Passando por uma lojinha da rodoviária entre baralhos da Copag, enigmas de metal e cubos mágicos, lá estava, em letras douradas:
"Double Six Dominoes
Set of 28
Made in China",
com rebite de metal na linha divisória das peças, num estojo de papelão recoberto por um plástico vermelho muito furreca e fechado por um botão de pressão. Sim! Era o meu dominó, e por apenas R$ 19,99... um preço aceitável para um pai atender os apelos de um menino com a cara grudada no vidro da loja.
Este menino não estava interessado se aquilo era marfim das presas dos elefantes africanos ou se aquele estojo de plástico que cobria o papelão não poderia ver sol ou umidade. As peças eram perfeitas. A experiência do jogo iria ser completa.
Décadas depois, quando o menino encheu a cabeça de fios grisalhos, vieram jogos abstratos que remetiam muito à experiência que teve do dominó: peças com apelo tátil e visual; e pode ser jogado de maneira descontraída com amiguinhos ou analítica, contando peças e prevendo a próxima jogada do adversário. Veio o
Azul, com pequenos azulejos de resina. Veio o
Sagrada com dadinhos coloridos e translúcidos. Veio o
Reef com recifes de resina que lembram módulos de encaixe dum berçário. E finalmente veio o
Dragon Castle.
Por "finalmente", não entenda que é muito melhor que os anteriores. Entenda apenas como aquele que mais me remeteu a minha infância. E olhe que antes eu também já tinha jogado o divertidíssimo
Pickomino, que tem muito mais cara de dominó! A diferença é que só tem um modo de jogar Pickomino. Para ser sincero, dominó, dominó mesmo, não é. Quando você faz o setup do Dragon Castle a impressão é de que você vai jogar uma versão analógica do Microsoft Mahjong.
Em Dragon Castle, o flavor do jogo é bem dispensável.

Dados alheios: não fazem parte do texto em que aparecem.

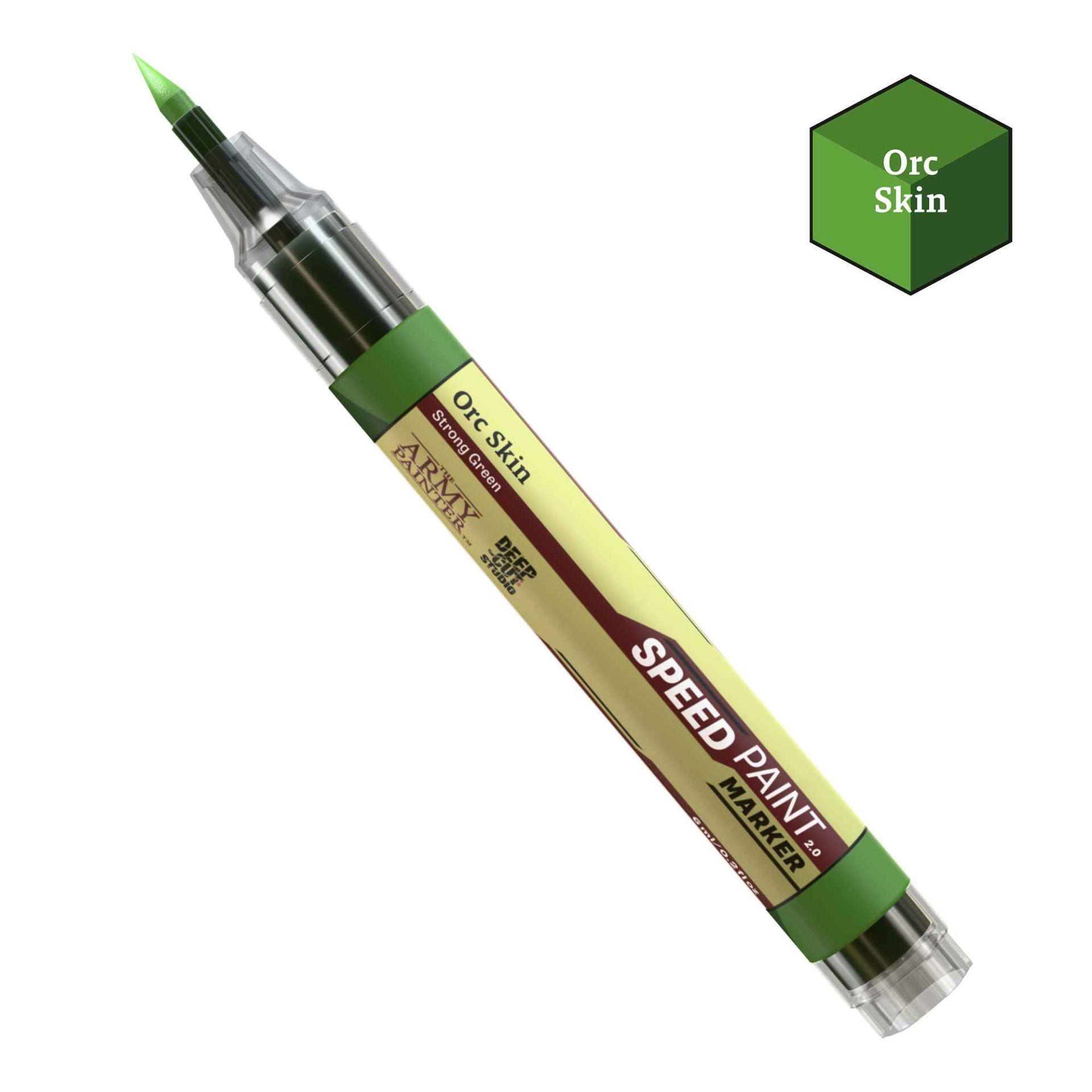 Speedpaint Marker – Orc Skin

Aliás, é até estranho achar que você estará honrando o dragão e agradando os espíritos por estar invadindo e coletando as ruínas do antigo castelo do dragão para usá-las como matéria-prima na construção dum novo castelo. Se fosse para restaurar o castelo... Tinha que ser para destrui-lo e construir um seu?!
Como jogo moderno, tem uma rejogabilidade incrível. Os 10 espíritos e os 10 dragões podem fazer uma centena de combinações que fazem de cada partida um desafio distinto, tanto para criar o seu próprio castelo, quanto para tirar as peças dos vários castelos que você pode partir no setup. (Aliás, não jogue mais do que uma vez sem as cartas de espíritos e dragões!)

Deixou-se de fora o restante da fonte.